TASK BRIEF
Print each entry verbatim.

DATA SECTION START

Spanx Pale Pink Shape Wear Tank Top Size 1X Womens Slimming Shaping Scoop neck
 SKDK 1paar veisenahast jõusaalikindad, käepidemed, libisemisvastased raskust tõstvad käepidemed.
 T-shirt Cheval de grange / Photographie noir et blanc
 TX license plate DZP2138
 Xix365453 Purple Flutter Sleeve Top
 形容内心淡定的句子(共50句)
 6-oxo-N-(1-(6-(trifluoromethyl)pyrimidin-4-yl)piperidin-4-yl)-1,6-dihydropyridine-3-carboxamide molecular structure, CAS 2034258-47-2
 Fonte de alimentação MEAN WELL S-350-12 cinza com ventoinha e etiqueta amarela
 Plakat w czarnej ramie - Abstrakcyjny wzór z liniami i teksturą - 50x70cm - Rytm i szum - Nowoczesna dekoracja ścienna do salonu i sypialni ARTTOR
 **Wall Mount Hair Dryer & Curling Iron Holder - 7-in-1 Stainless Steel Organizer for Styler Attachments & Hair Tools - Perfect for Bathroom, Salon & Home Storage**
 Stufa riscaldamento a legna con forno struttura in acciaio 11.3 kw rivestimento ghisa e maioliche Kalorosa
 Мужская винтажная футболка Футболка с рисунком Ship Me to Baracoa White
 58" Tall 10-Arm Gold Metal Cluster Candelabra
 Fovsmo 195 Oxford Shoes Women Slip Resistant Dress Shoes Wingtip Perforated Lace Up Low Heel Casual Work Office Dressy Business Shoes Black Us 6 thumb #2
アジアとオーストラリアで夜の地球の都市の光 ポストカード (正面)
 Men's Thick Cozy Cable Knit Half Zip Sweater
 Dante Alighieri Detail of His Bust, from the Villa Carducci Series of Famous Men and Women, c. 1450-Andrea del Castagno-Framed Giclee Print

DATA SECTION END

WRITTEN RESPONSE
Spanx Pale Pink Shape Wear Tank Top Size 1X Womens Slimming Shaping Scoop neck
 SKDK 1paar veisenahast jõusaalikindad, käepidemed, libisemisvastased raskust tõstvad käepidemed.
 T-shirt Cheval de grange / Photographie noir et blanc
 TX license plate DZP2138
 Xix365453 Purple Flutter Sleeve Top
 形容内心淡定的句子(共50句)
 6-oxo-N-(1-(6-(trifluoromethyl)pyrimidin-4-yl)piperidin-4-yl)-1,6-dihydropyridine-3-carboxamide molecular structure, CAS 2034258-47-2
 Fonte de alimentação MEAN WELL S-350-12 cinza com ventoinha e etiqueta amarela
 Plakat w czarnej ramie - Abstrakcyjny wzór z liniami i teksturą - 50x70cm - Rytm i szum - Nowoczesna dekoracja ścienna do salonu i sypialni ARTTOR
 **Wall Mount Hair Dryer & Curling Iron Holder - 7-in-1 Stainless Steel Organizer for Styler Attachments & Hair Tools - Perfect for Bathroom, Salon & Home Storage**
 Stufa riscaldamento a legna con forno struttura in acciaio 11.3 kw rivestimento ghisa e maioliche Kalorosa
 Мужская винтажная футболка Футболка с рисунком Ship Me to Baracoa White
 58" Tall 10-Arm Gold Metal Cluster Candelabra
 Fovsmo 195 Oxford Shoes Women Slip Resistant Dress Shoes Wingtip Perforated Lace Up Low Heel Casual Work Office Dressy Business Shoes Black Us 6 thumb #2
アジアとオーストラリアで夜の地球の都市の光 ポストカード (正面)
 Men's Thick Cozy Cable Knit Half Zip Sweater
 Dante Alighieri Detail of His Bust, from the Villa Carducci Series of Famous Men and Women, c. 1450-Andrea del Castagno-Framed Giclee Print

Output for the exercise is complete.